Stored data
= = =

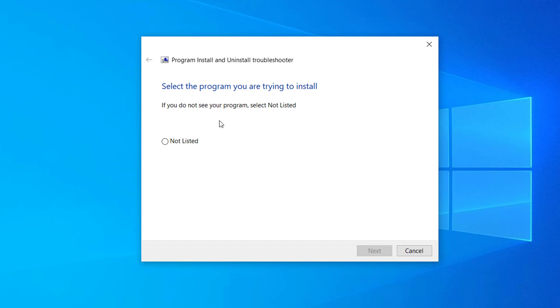So here on my computer, I'm not having any problem right now, so I can see not listed. On your computer you might be able to see all the programs that are installed on your computer.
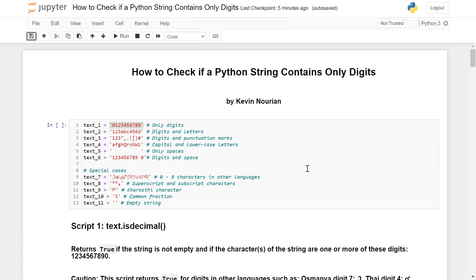By zero through nine, I'm really looking at these digits right here. They are called the Latin digits or the Western Arabic digits. They're used in several languages, but not in all languages. So how do we test a string to see if those are the only digits that the text contains?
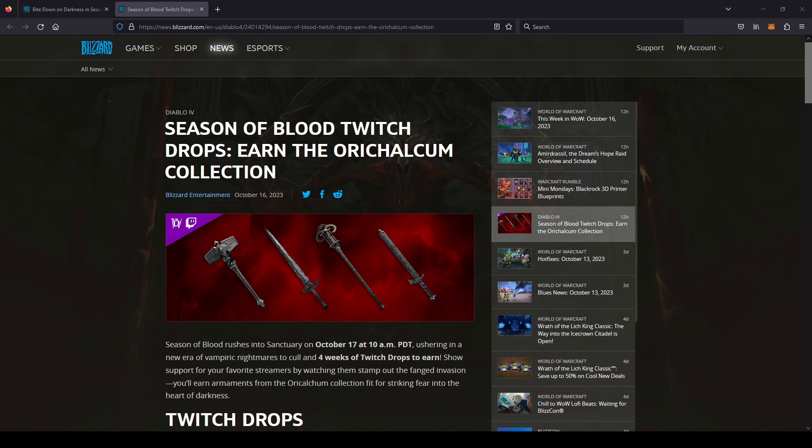Alright, welcome back everyone. Scarland here bringing you a new Diablo 4 video. Just a short little video today. The launch of Season 2, Season of Blood, is now underway as of filming this video.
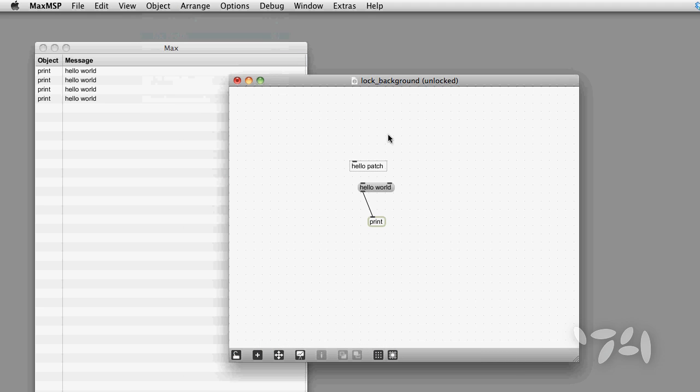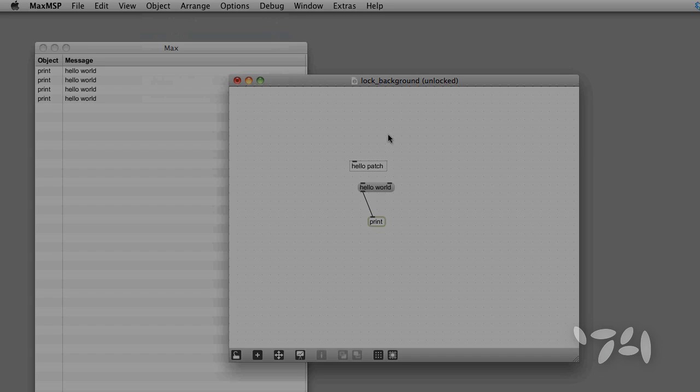Now you'll get a nice, resized comment object box and no more fishing around for the grow handle. Happy patching!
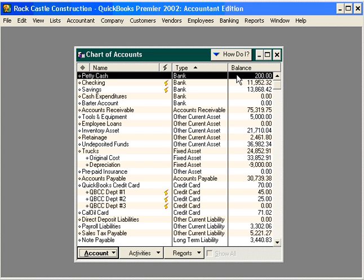Now let's assume that a couple of weeks have gone by and we look at our Petty Cash box and find a lot of receipts and just a little bit of cash left. So we need to replenish our Petty Cash, bring the balance back up to $200, and reconcile and record our expenses. We do all of this with one transaction.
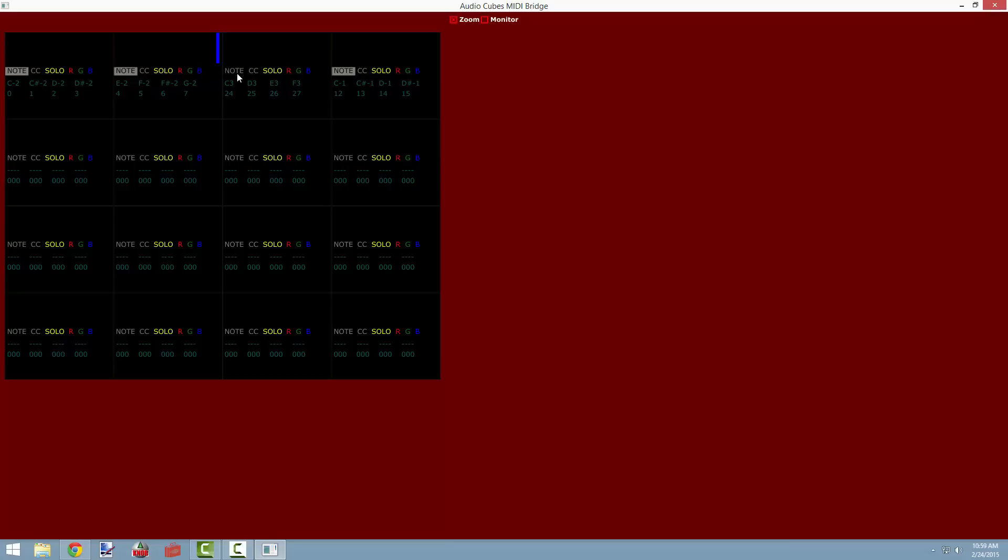So cubes can send note values, control change values, or both at the same time, or neither, to other cubes in the network. In addition, we can also control the color of the LEDs based on the proximity of the cubes. So let's take a look at how this looks.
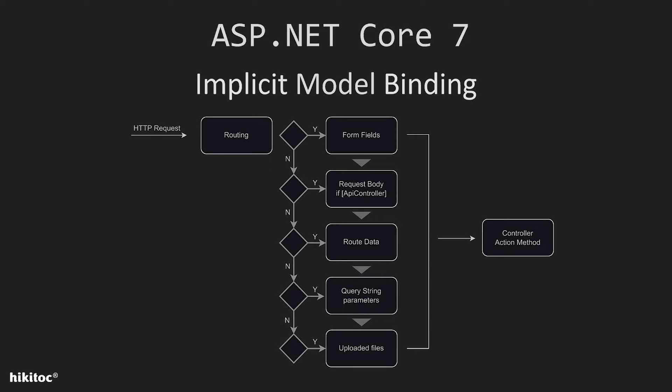Referring back to the previous lesson, I will show you the same table with the implicit binding order. Just to remind you, the query string parameters are model bound after the route data.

= = =

Set each line of the records down exactly, leaving every picture out.

• _FINISHED TASK_
So here on my computer, I'm not having any problem right now, so I can see not listed. On your computer you might be able to see all the programs that are installed on your computer.
By zero through nine, I'm really looking at these digits right here. They are called the Latin digits or the Western Arabic digits. They're used in several languages, but not in all languages. So how do we test a string to see if those are the only digits that the text contains?
Alright, welcome back everyone. Scarland here bringing you a new Diablo 4 video. Just a short little video today. The launch of Season 2, Season of Blood, is now underway as of filming this video.
Now you'll get a nice, resized comment object box and no more fishing around for the grow handle. Happy patching!
Now let's assume that a couple of weeks have gone by and we look at our Petty Cash box and find a lot of receipts and just a little bit of cash left. So we need to replenish our Petty Cash, bring the balance back up to $200, and reconcile and record our expenses. We do all of this with one transaction.
So cubes can send note values, control change values, or both at the same time, or neither, to other cubes in the network. In addition, we can also control the color of the LEDs based on the proximity of the cubes. So let's take a look at how this looks.
Referring back to the previous lesson, I will show you the same table with the implicit binding order. Just to remind you, the query string parameters are model bound after the route data.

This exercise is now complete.